Жизнь в Киеве потекла обычным порядком. Илейка ждал рождения новой луны. Он должен встретиться с Синегоркой. Илейка закрывал глаза: да впрямь ли это все было, не сон ли ему привиделся? Синегорка была с ним, она спасла его и Добрыню, она сказала, что любит его! Она любит его крепкой любовью! Скоро он увидит ее, и тогда они больше не расстанутся. Странная у нее судьба, а у него бездомные скитания, долг зовет его. Они уйдут поляковать вдвоем далеко на юг, на заставу. Ведь Синегорка наполовину только печенежка, кровь позвала ее в степь; к кочевникам, кровь приведет ее к нему. И они буду счастливы. Поедут стремя о стремя, чтобы никогда не расставаться... Так мечтал Илейка. Долго тянулись томительные ночи, сердце вдруг замирало, пело что-то свое, без слов, тянуло в неизвестные края, манило призраком, обещало... Илейка выходил на крыльцо взглянуть, не уменьшился ли ломоть луны и скоро ли народится новая. Даже к волхву пошел, и тот ему сказал, что должно пройти еще три дня.

И вот прошли они — эти три дня.
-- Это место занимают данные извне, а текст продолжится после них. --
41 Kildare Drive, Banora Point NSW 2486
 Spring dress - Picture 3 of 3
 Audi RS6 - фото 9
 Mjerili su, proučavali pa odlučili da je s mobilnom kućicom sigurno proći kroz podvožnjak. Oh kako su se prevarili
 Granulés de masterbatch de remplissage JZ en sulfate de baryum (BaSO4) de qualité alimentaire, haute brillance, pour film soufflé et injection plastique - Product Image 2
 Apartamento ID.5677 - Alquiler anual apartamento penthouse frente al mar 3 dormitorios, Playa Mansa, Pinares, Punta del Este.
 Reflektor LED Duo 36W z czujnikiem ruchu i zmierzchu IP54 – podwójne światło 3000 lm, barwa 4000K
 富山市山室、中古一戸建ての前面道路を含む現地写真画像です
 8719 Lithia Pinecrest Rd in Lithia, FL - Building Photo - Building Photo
Муромец оседлал коня, простился с Добрынею. Крепко обнялись, сказали друг другу, что встретятся на Стугне, где она впадает в Днепр. Князь обещал им жалованье и довольство.

Илейка сдерживал коня, словно тот чувствовал его радость и старался бежать быстрее. Пьяный от счастья, от предстоящей встречи, Илейка подмечал в пути каждую мелочь, каждый кустик. Ему хотелось, чтобы все вокруг радовалось. Вот уже скрылись стены Киева, надвинулись холмы, леса. «Прочь, прочь,— мягко постукивали копыта Бура,— день и ночь... прочь, прочь».

Пестрая бабочка поджимала крылья на куче навоза, волнистым полетом от дерева к дереву летала голосистая птица, будто развешивала ленты своих песен, ветер-проказник повалил гречиху и ну рвать с нее розовое цветенье!